WORK TASK –
Please set down each of the lines below once more, exactly, omitting all pictures.

DATASET EXCERPT –
┄┄┄┄┄┄┄┄┄┄┄┄┄┄┄┄┄┄┄┄

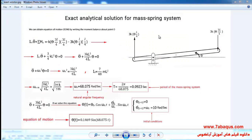In this picture, the exact analytical solution has been written for the mass-spring system. As you know, in the exact analytical solution method the question is solved by using formulae, relations, as well as mathematical and physical equations. The purpose is to obtain the equation of motion, period, and natural angular frequency. We obtain the equation of motion by writing the moment balance about point O.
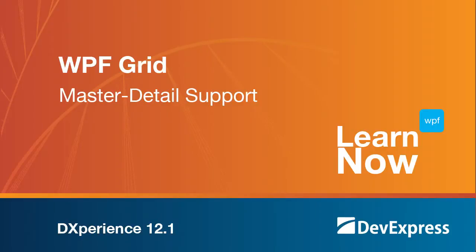Welcome to the DevExpress Learn Now series, quick tutorials to help you get started using DevExpress controls. One of the latest additions in the DXperience 12.1 release is the ability to show a master detail hierarchy within our WPF grid.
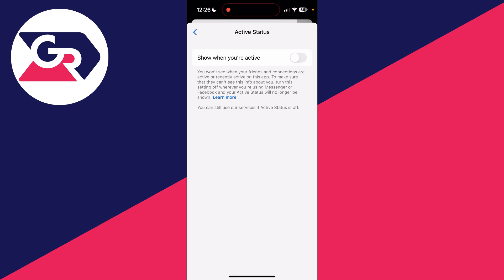You want to make sure this is turned off, so you will not be shown when you're active. It does also mean that you won't see when your friends and connections are active on the app as well, though.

┄┄┄┄┄┄┄┄┄┄┄┄┄┄┄┄┄┄┄┄

COMPLETED TASK –
In this picture, the exact analytical solution has been written for the mass-spring system. As you know, in the exact analytical solution method the question is solved by using formulae, relations, as well as mathematical and physical equations. The purpose is to obtain the equation of motion, period, and natural angular frequency. We obtain the equation of motion by writing the moment balance about point O.
Welcome to the DevExpress Learn Now series, quick tutorials to help you get started using DevExpress controls. One of the latest additions in the DXperience 12.1 release is the ability to show a master detail hierarchy within our WPF grid.
You want to make sure this is turned off, so you will not be shown when you're active. It does also mean that you won't see when your friends and connections are active on the app as well, though.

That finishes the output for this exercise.